Photo: Getty Images/ ONOKY - Eric Audras.
4 de janeiro de 2016

Que tal pensarmos sobre mitos atuais envolvendo a adoção de crianças por casais homossexuais? O que pesquisas recentes informam sobre o desenvolvimento dessas crianças?

A primeira adoção legal de uma criança por um casal homossexual ocorreu em 1986, no estado da Califórnia, nos Estados Unidos. Quase 30 anos depois deste fato, ainda coexistem diferentes legislações sobre o tema, a depender dos países e, em alguns casos, dos diferentes estados.

Qualquer que seja a norma vigente há, ainda, quem considere errado uma criança ser educada por um homossexual. E as consequências desse tipo de homofobia não recaem somente sobre o adulto, mas também sobre a criança que pode vivenciar situações de discriminação no seu dia a dia. As ideias e justificativas que geram atitudes contrárias à adoção de crianças por esses casais são, muitas vezes, oriundas de mitos.

Estudos realizados pela Universidade de Cambridge, citados numa reportagem da revista Superinteressante, contribuem para desfazer alguns desses mitos. A reportagem apresenta e comenta 4  mitos, com o apoio também de outros estudos, e replicamos, a seguir, algumas das observações apresentadas  e depoimentos de pesquisadores.

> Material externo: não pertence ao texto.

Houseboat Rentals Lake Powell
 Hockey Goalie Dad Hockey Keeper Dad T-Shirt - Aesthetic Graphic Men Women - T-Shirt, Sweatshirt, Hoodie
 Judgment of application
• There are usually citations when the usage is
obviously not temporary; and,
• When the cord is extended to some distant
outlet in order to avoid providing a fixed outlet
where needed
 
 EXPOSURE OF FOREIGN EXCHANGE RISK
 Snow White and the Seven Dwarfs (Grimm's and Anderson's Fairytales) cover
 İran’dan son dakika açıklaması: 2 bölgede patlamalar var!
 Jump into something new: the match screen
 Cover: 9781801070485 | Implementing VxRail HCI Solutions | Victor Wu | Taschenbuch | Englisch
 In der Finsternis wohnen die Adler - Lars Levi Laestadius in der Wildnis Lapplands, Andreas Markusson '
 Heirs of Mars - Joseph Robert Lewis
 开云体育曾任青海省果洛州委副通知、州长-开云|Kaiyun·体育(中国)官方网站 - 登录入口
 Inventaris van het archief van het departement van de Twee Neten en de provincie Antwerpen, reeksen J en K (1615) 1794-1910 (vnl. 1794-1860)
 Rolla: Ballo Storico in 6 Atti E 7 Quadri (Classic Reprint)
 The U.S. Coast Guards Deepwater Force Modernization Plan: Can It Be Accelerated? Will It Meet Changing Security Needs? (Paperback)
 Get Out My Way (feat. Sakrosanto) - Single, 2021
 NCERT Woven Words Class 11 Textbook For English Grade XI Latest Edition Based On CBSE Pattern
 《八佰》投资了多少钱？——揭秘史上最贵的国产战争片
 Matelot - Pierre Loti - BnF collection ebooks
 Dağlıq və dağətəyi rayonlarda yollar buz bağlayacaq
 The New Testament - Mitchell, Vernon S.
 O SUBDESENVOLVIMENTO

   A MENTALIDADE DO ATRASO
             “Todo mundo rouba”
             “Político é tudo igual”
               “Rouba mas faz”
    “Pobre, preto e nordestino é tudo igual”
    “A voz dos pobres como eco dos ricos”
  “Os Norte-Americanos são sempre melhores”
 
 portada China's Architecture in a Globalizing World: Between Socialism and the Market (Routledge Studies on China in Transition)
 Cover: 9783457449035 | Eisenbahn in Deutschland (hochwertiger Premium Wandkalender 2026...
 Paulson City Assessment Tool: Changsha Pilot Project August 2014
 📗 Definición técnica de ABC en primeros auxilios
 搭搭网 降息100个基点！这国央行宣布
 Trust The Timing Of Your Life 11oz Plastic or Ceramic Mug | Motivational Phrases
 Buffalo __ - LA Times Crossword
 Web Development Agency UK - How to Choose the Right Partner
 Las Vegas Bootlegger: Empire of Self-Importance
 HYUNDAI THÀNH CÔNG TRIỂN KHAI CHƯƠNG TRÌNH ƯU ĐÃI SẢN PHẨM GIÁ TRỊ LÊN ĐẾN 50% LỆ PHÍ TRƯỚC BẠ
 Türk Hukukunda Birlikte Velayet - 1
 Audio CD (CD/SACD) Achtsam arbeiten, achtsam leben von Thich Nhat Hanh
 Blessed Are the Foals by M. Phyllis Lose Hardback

Mito 1. “Os filhos serão gays” – Embora pareça lógico que isso ocorra, afinal eles vão crescer em um ambiente em que o padrão é o relacionamento homossexual, isso não ocorrerá necessariamente. Se fosse assim, seria difícil, por exemplo, explicar como filhos homossexuais podem nascer de famílias heteroparentais. Um estudo da Universidade Cambridge comparou filhos de mães homossexuais com filhos de mães héteros e não encontrou nenhuma diferença significativa entre os dois grupos quanto à identificação como homossexuais. Mas isso não quer dizer que não existam algumas diferenças. As famílias homoparentais vivem num ambiente mais aberto à diversidade. “Se você cresce com dois pais do mesmo sexo e vê amor e carinho entre eles, você não vê nada de estranho nisso”, conta Arlene Lev, professora da Universidade de Albany. Mas a influência para por aí. Ou seja, não dá para afirmar que a orientação sexual dos pais tenha o poder de definir a dos filhos.

Mito 2. “Eles precisam da figura de um pai e de uma mãe”
– Filhos de homossexuais não são os únicos que crescem sem um dos pais. Durante a 2ª Guerra Mundial, estima-se que 183 mil crianças americanas perderam os pais. No Brasil, 17,4% das famílias são formadas por mulheres solteiras com filhos. Na verdade, os papéis masculino e feminino continuam presentes como referência mesmo que não seja nos pais. “É importante que a criança tenha contato com os dois sexos. Mas pode ser alguém significativo à criança, como uma avó”, explica Mariana Farias. Se há uma diferença, ela é positiva. “Crianças criadas por homossexuais são menos influenciadas por brincadeiras estereotipadas como masculinas ou femininas”, diz Arlene Lev. Uma pesquisa feita com 56 crianças de pais homossexuais e 48 filhos de héteros apontou a maior probabilidade de meninas brincarem com armas ou caminhões. Brincam sem as amarras dos estereótipos e dos preconceitos.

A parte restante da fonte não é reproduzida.